Histologically characterized by epidermotropism of atypical convoluted lymphocytes and infiltration of atypical lymphocytes in the upper dermis, MFPP typically has an indolent course. In contrast, advanced-stage MF (stage IIB to IV) and Sézary syndrome (SS) are aggressive lymphomas with a median survival of 1 to 5 years.
A 2015 literature review identified the following 10 candidate markers for MF/SS:
- Cutaneous histologic features of folliculotropism
- Large-cell transformation
- White blood cell/lymphocyte count
- Serum lactate dehydrogenase
- Identical T-cell clone in blood and skin
Of the 10 variables tested, four (stage IV, age over 60, large-cell transformation, and increased lactate dehydrogenase) were independent prognostic markers for a worse survival.
MFPP, however, develops on the soles of the feet and the average age of patients is 52, although the range is approximately 11 to 83. Male patients are more than twice as likely as women to be affected, and the mean duration of lesions is approximately 4 years (range of 3 months to 25 years).
MFPP typically presents as psoriasiform, erythematous hyperkeratotic patches, blisters, or ulceration.
Clinical considerations for differential diagnosis include palmoplantar psoriasis vulgaris, dermatophytosis, secondary syphilis, eczema, hyperkeratotic lichen planus, contact dermatitis, and warts.
Histological assessment of biopsies that includes immunostaining profiling and genetic analysis of PCR-based monoclonal rearrangements of T cell receptors may be required for an accurate diagnosis, the case authors write, noting that with this patient, T cell receptor clonal analysis was necessary, and the morphological evaluation with immunostaining profiling confirmed the diagnosis.
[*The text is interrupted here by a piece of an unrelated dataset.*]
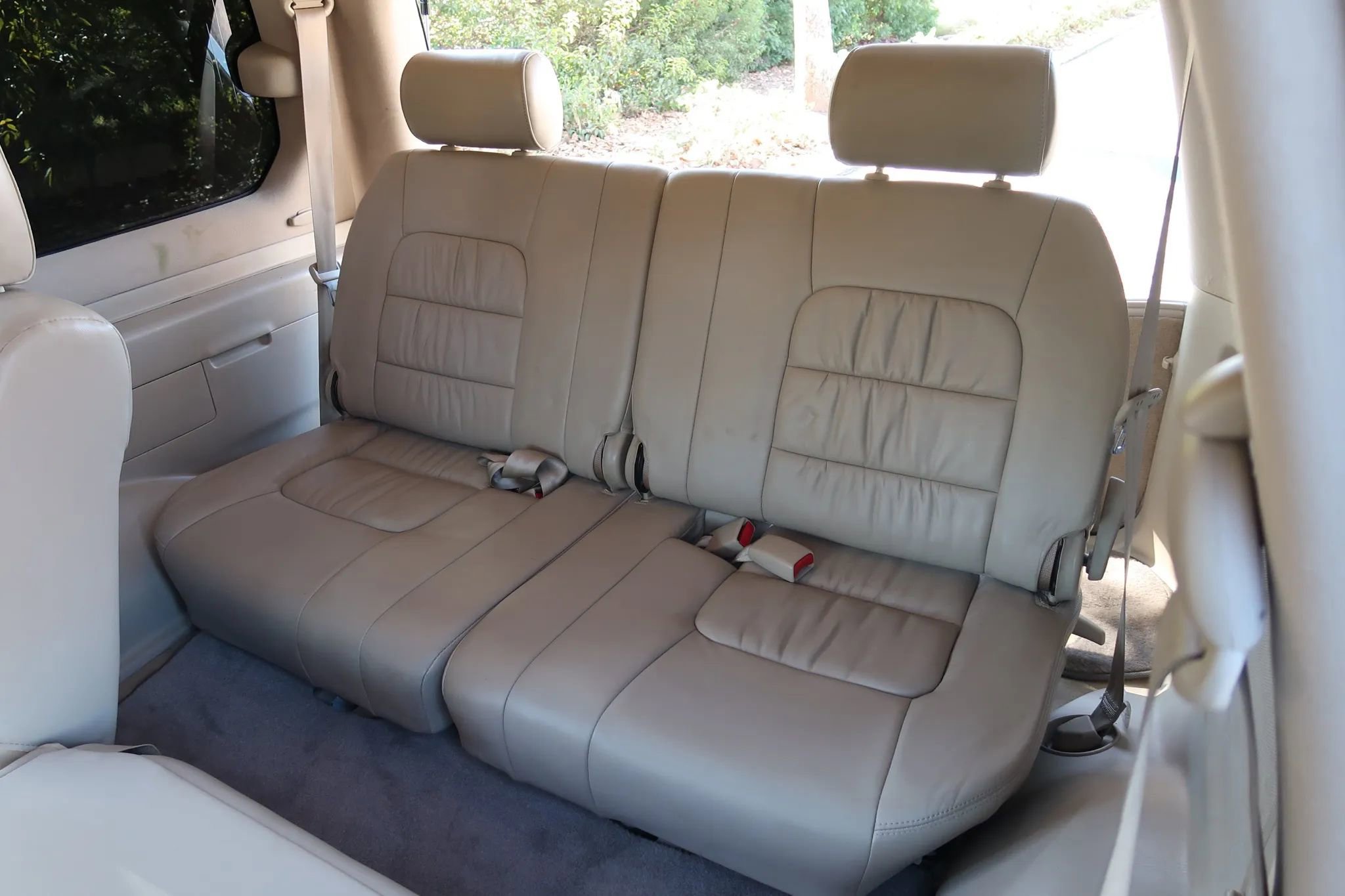 Used 2005 Lexus LX 470 4WD image 19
Treatment options for MFPP include topical or systemic chemotherapy, PUVA photochemotherapy, radiation therapy, and immunotherapy, and response (complete or partial) to any of these is excellent, with a response rate of 95%, the case authors write, adding that research suggests that radiation therapy and monotherapy with PUVA may be particularly effective.
As well, there is data to support efficacy of treatment with PUVA combined with:
- Topical or systemic administration of corticosteroids
- Gemcitabine and methotrexate
- Carbon dioxide laser and excimer laser
In the event of a tumor relapse or recurrence, further treatment can often control progression of MFPP, the authors note. They cite the U.S. Cutaneous Lymphoma Consortium’s 2016 consensus guidelines for phototherapy of MF/SS, which state that ultraviolet (UV) light is well established for treatment of the diseases.
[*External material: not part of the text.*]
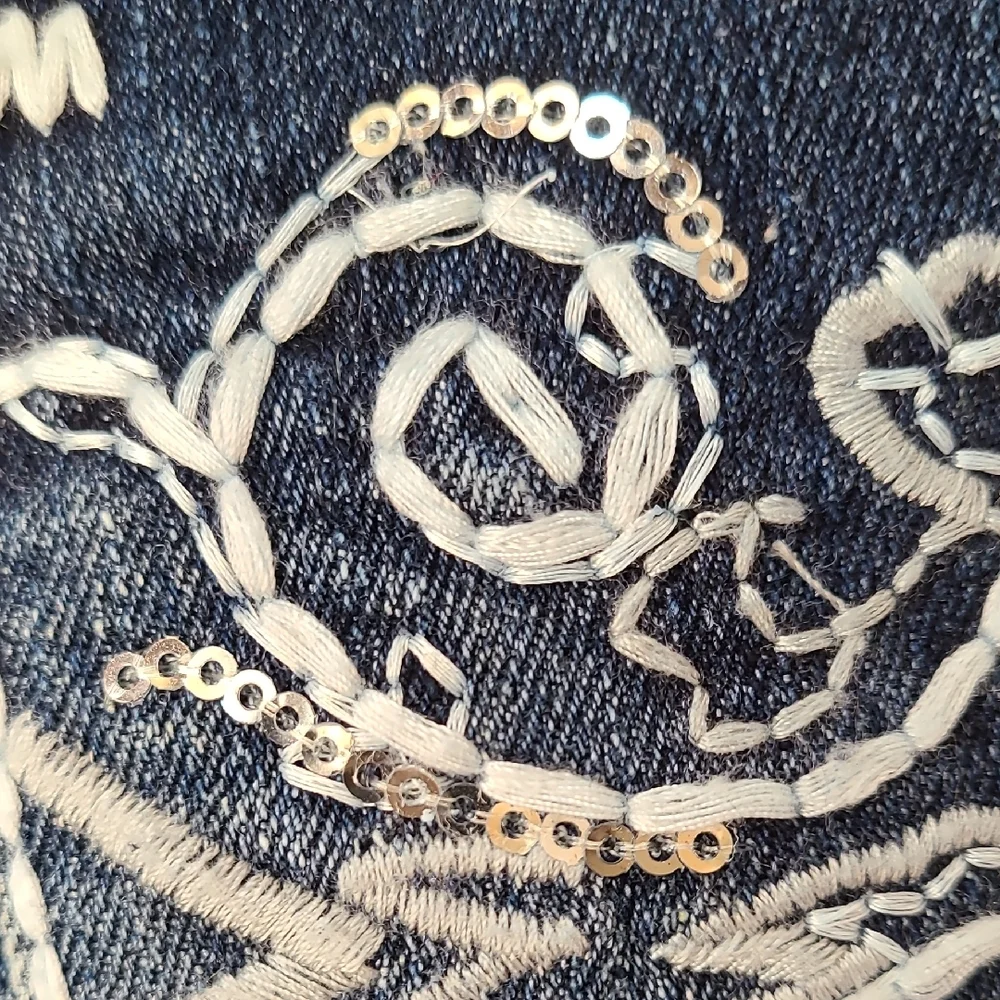 Rue21 Blue Bermuda Curvy Shorts Embroidered Distressed Cuffed Hem Sequin Sz 9/10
In addition to traditional treatments such as broadband, narrowband UVB light, and PUVA, newer options include UVA1 (which uses only the longer, non-erythemogenic UV wavelengths), and excimer laser.
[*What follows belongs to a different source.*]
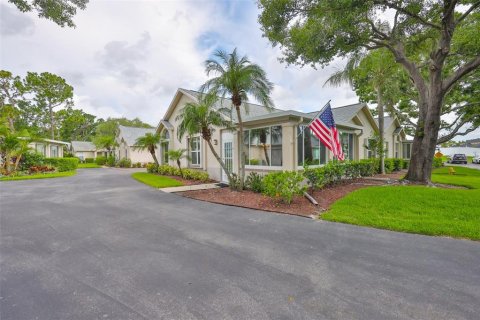 Condo in Sun City Center, Florida, 3 bedrooms  № 1778163 - photo 25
According to the guidelines, UV light is used either as monotherapy or in addition to systemic therapy, demonstrating efficacy in many cases that equal or surpass systemic medications. “Despite its utility and duration of use, the current practice of using [ultraviolet light] guidelines for psoriasis to treat patients with MF/SS is problematic because the goals of prolonging survival and preventing disease progression are unique to CTCL compared to psoriasis,” the guidelines state.
The case authors also cite a recent case report in which treatment with brentuximab vedotin, an antibody that selectively targets tumor cells expressing the CD30 antigen, was associated with complete remission in a patient with MFPP with large cell transformation and partial CD30 expression. The clinicians involved said the patient had a complete remission, which persisted through 5-year follow-up with topical PUVA photochemotherapy.
The case authors write that in general, the factors to consider in choosing appropriate treatment for a patient with MFPP include the lesion’s location, size, and stage in the context of the patient’s overall health and available medical resources. Patient response and any adverse treatment effects will then help determine the need to modify treatment.
In addition, the case authors conclude, periodic follow-up visits are important due to the potential for recurrence or spread of MFPP to other areas of the body.
The case report authors noted no conflicts of interest.